- Combine ingredients for pesto in a food processor and blend until well combined. Transfer mixture to a small bowl. Set aside.
- Preheat oven to 375ºF and line a small baking sheet with parchment paper. Lay slices of prosciutto on baking sheet and bake for 12-15 minutes. Remove from oven and cool on baking sheet while preparing mac and cheese. Increase oven temperature to 425ºF.
- In the meantime, bring 8 cups of water to a boil in a large pot. Season water with ½ teaspoon of salt.
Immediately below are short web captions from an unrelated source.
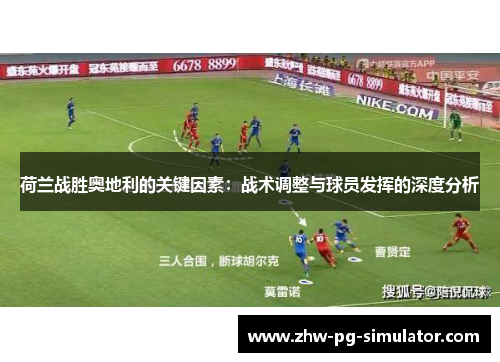 荷兰战胜奥地利的关键因素:战术调整与球员发挥的深度分析 荷兰战胜奥地利的关键因素:战术调整与球员发挥的深度分析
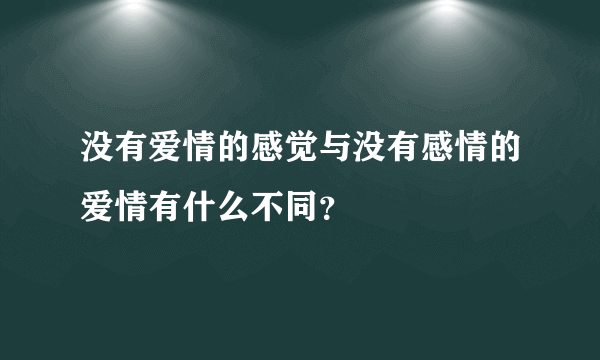 没有爱情的感觉与没有感情的爱情有什么不同？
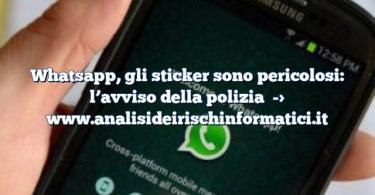 Whatsapp, gli sticker sono pericolosi: l’avviso della polizia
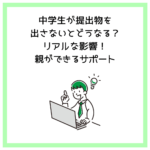 中学生が提出物を出さないとどうなる？リアルな影響！親ができるサポート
Add cavatappi noodles and cook for 9-10 minutes until al dente. Drain noodles and set aside in a strainer.
- Heat 4 tablespoons of butter over medium heat in a 4-quart Dutch oven until melted. Sprinkle in flour and whisk to combine. Whisk in Dijon mustard and 1 teaspoon of salt. Gradually whisk in milk. Heat for 3 minutes to thicken.
- Whisk in shredded Gruyère and cheddar cheese. Fold in noodles and pesto sauce. Turn off heat.
- Melt remaining 2 tablespoons of butter over medium heat in a skillet. Add panko bread crumbs and stir to coat. Sprinkle panko over mac and cheese and bake for 10-12 minutes, until panko is golden brown.
- Remove mac and cheese from oven and chop crispy prosciutto into bite size pieces. Sprinkle on top of mac and cheese. Serve hot.